The convergence of these parallel programs is not coincidental. The context is a global freshwater crisis that has been building for decades. Aging snowpack feeds less meltwater to rivers. Aquifers drained by agriculture and sprawling cities are being replenished slower than they are drawn down. Rising seas push salt into coastal groundwater. And according to the U.S. Government Accountability Office, PFAS "forever chemicals" contaminating water supplies may represent the most severe water quality crisis since lead.

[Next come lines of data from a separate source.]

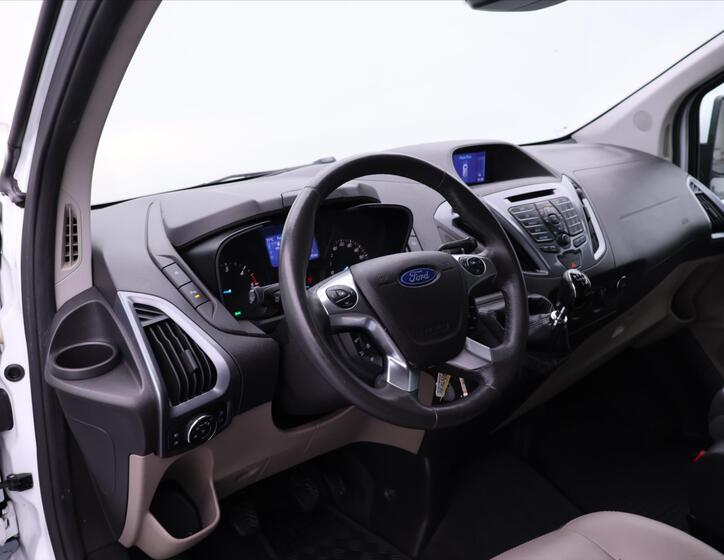 Ford Tourneo Custom 28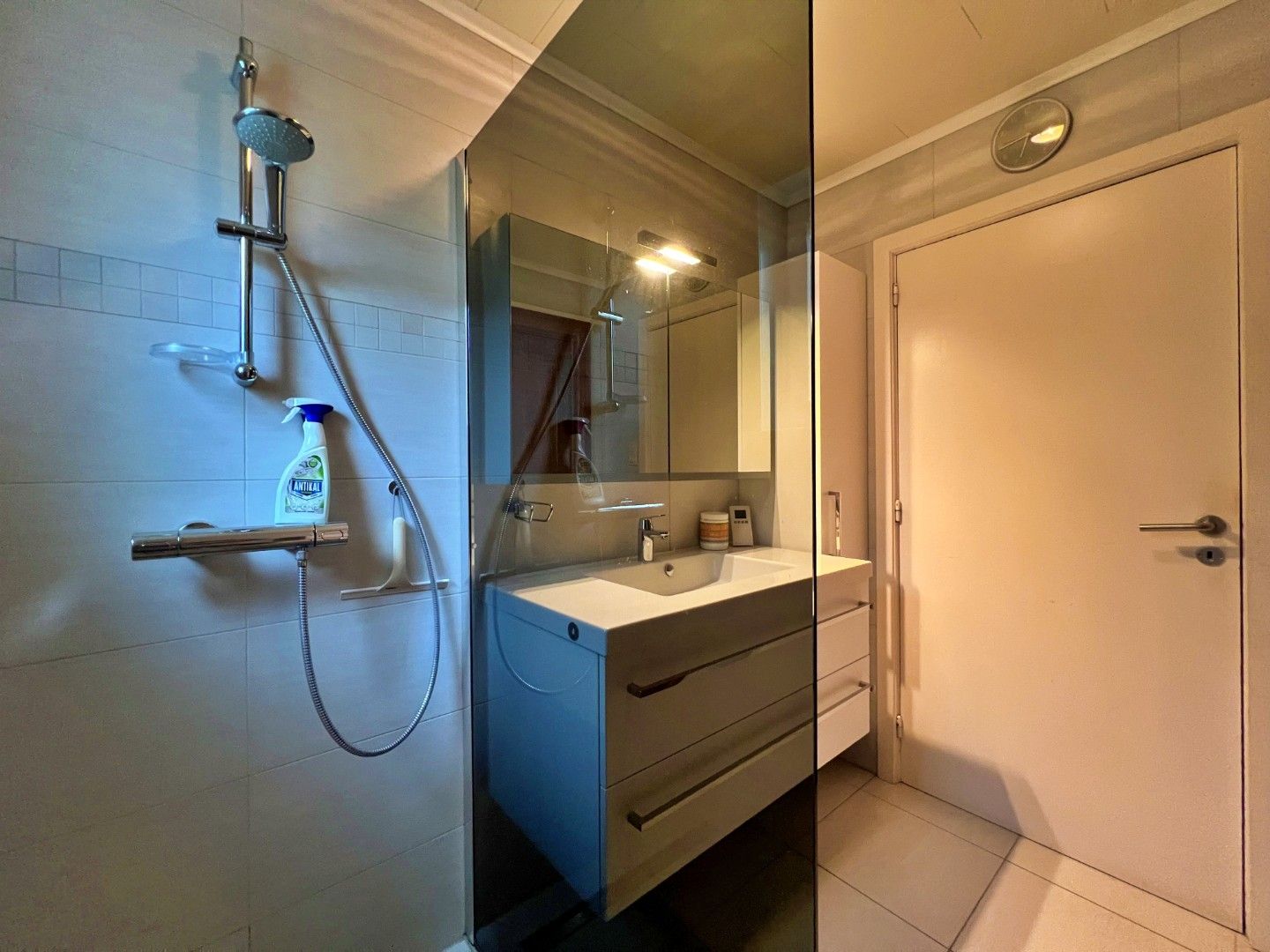 Open bebouwing met drie slaapkamers te huur in Lovendegem foto 18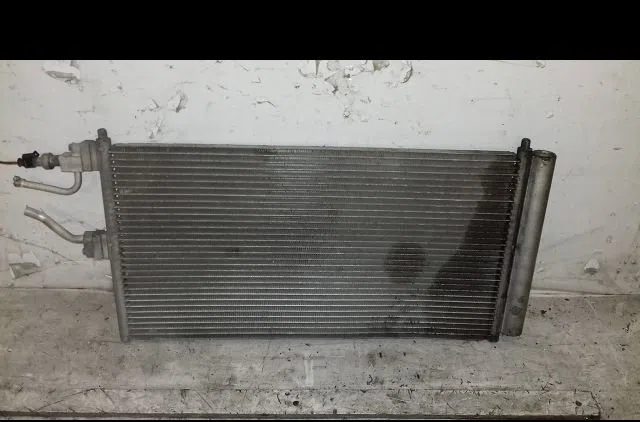 Condenseur clim Fiat IDEA (350_) 1.4 16v (2004) occasion — photo 3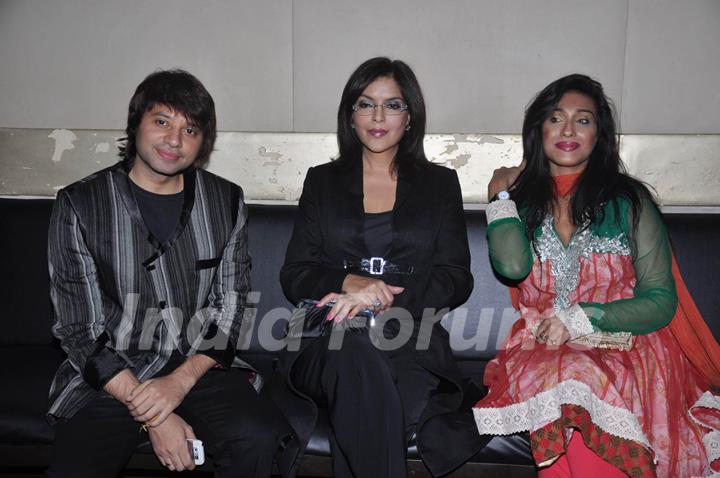 Zeenat Aman at Dunnu Y Jaane Kyun film success at Sydeney film festival bash at Malad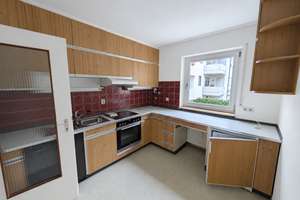 WG-taugliche Wohnung auf Zeit inkl. Tiefgaragenstellplatz– mit Balkon und guter U-Bahn-Anbindung – 80992 Alt-Moosach, München – Vorschaubild 2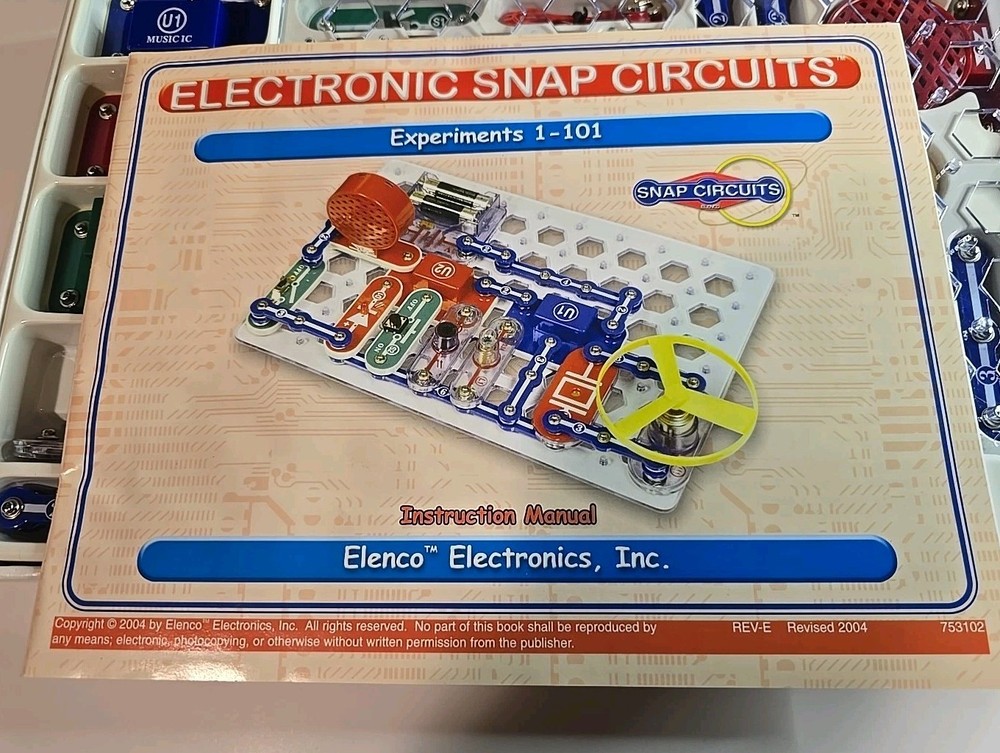 New, ELENCO Snap Circuits Jr. 100 Experiments Electronics Discovery Kit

For Yaghi, the Nobel Prize capped a career whose trajectory was defined by scarcity. He left Jordan alone at 15, landing in Troy, New York, supporting himself by bagging groceries and mopping floors while he enrolled at Hudson Valley Community College. He transferred to SUNY Albany for a chemistry degree, then earned his PhD at the University of Illinois at Urbana-Champaign in 1990 under Walter Klemperer. After a postdoctoral fellowship at Harvard, he moved through the University of Michigan and UCLA before joining UC Berkeley in 2012, where he holds the James and Neeltje Tretter Chair in Chemistry and, since May 2025, the title of University Professor, the UC system's highest academic distinction.
More than 100,000 distinct MOF structures have been synthesized since Yaghi's foundational work in the 1990s. The Nobel Committee described the material as capable of harvesting water from desert air, capturing carbon dioxide, storing toxic gases, and catalyzing chemical reactions, a breadth of application unusual even for Nobel-recognized chemistry. Yaghi himself has described MOFs in terms that echo his childhood: the structure is designed, atom by atom, to do exactly the job required, and not a molecule wasted.

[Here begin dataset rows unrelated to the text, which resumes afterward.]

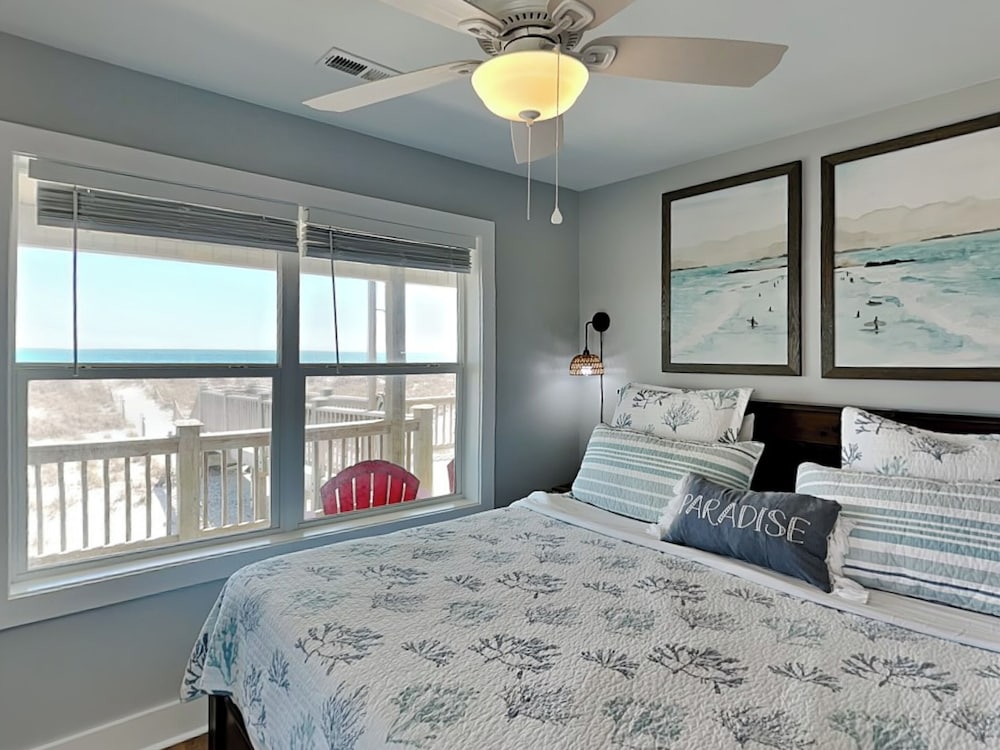 Sea Paradise Cottage by Topsail Realty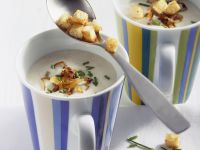Käsesuppe mit Meerrettich und Brotwürfeln Rezept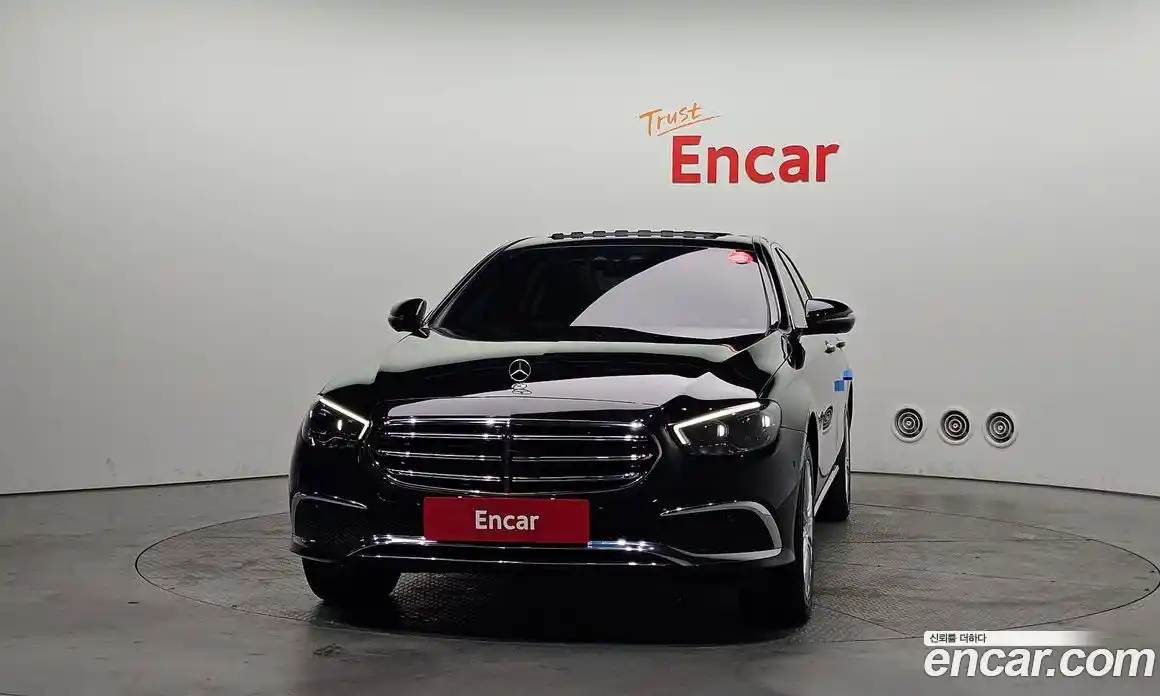 Mercedes-Benz E-Class 2022 1.9 Автомат в Москве № 161262, фото 14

What he is building now, in the Atoco machines headed for the Mojave and eventually to arid communities worldwide, is the direct descendant of those early mornings watching the municipal taps in Amman. The crystal he invented in a Berkeley laboratory is engineered to do what the water truck once did: arrive reliably, deliver what is needed, and leave no one waiting. "My dream," Yaghi has said, "is for everyone to have water independence, where your water is yours, independent of everything else."
If Atoco's commercial thesis holds and the off-grid water model scales the way off-grid solar did, that independence would not just be a personal ambition. It would be a rewrite of how billions of people relate to the most basic resource on Earth.